**ACTION ITEM:** Reproduce the whole listing exactly and let no picture into the copy.

**DATA SHOWN:**
......

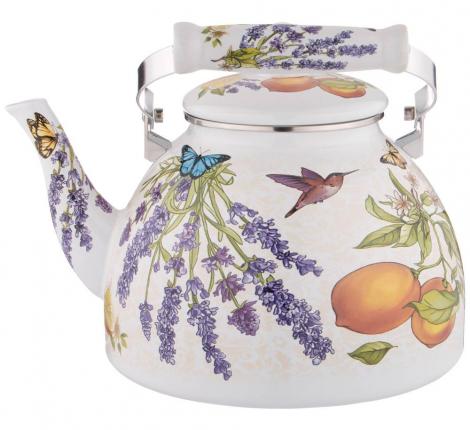 Чайник эмалированный "ПРОВАНС ЛИМОНЫ", 4,0 л
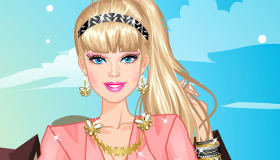 Vestir a Barbie en la escuela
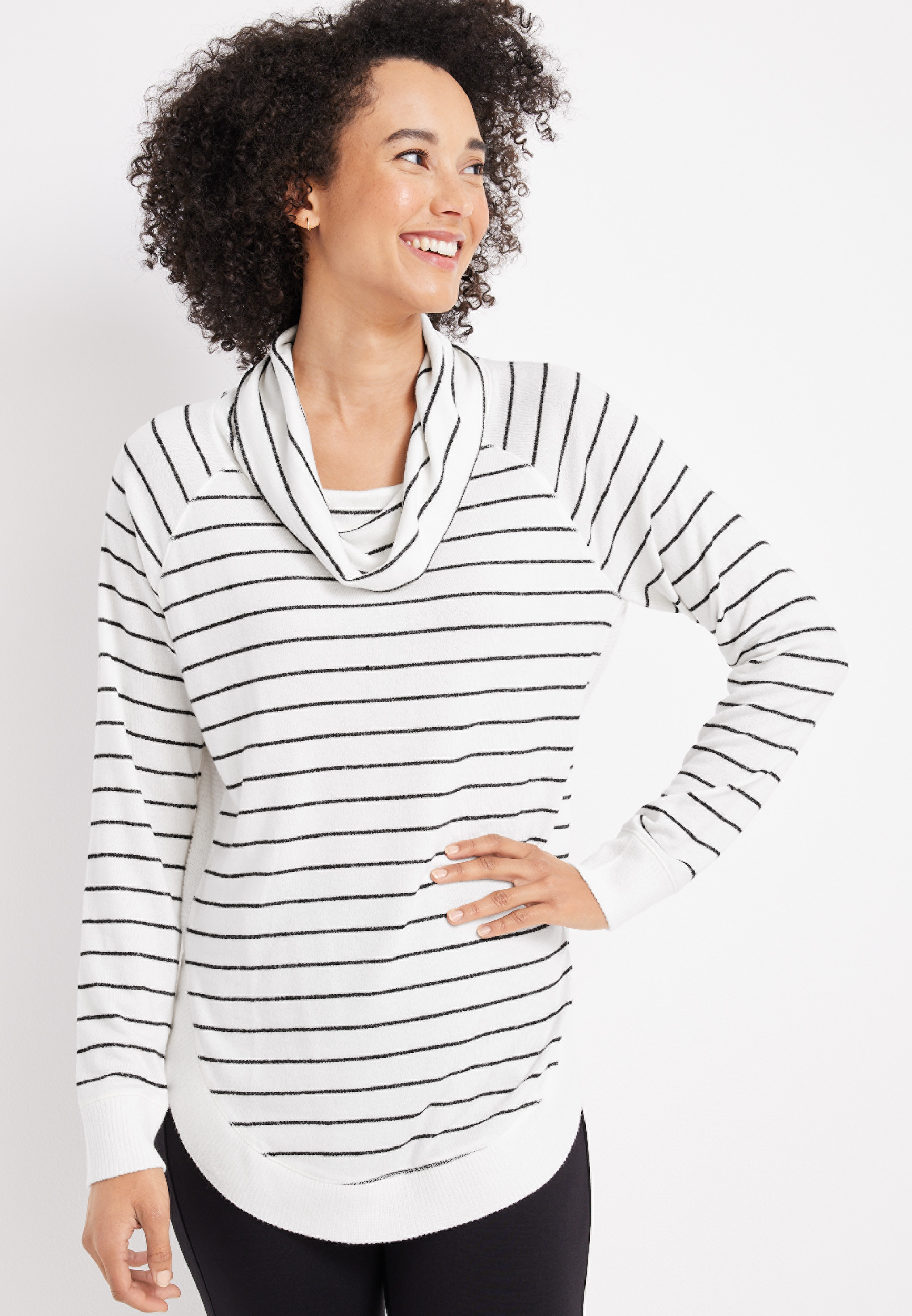 Threaded Pear Haven Stand Drop Shoulder Sweatshirt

......

**REPLY TO THE TASK:**
 Чайник эмалированный "ПРОВАНС ЛИМОНЫ", 4,0 л
 Vestir a Barbie en la escuela
 Threaded Pear Haven Stand Drop Shoulder Sweatshirt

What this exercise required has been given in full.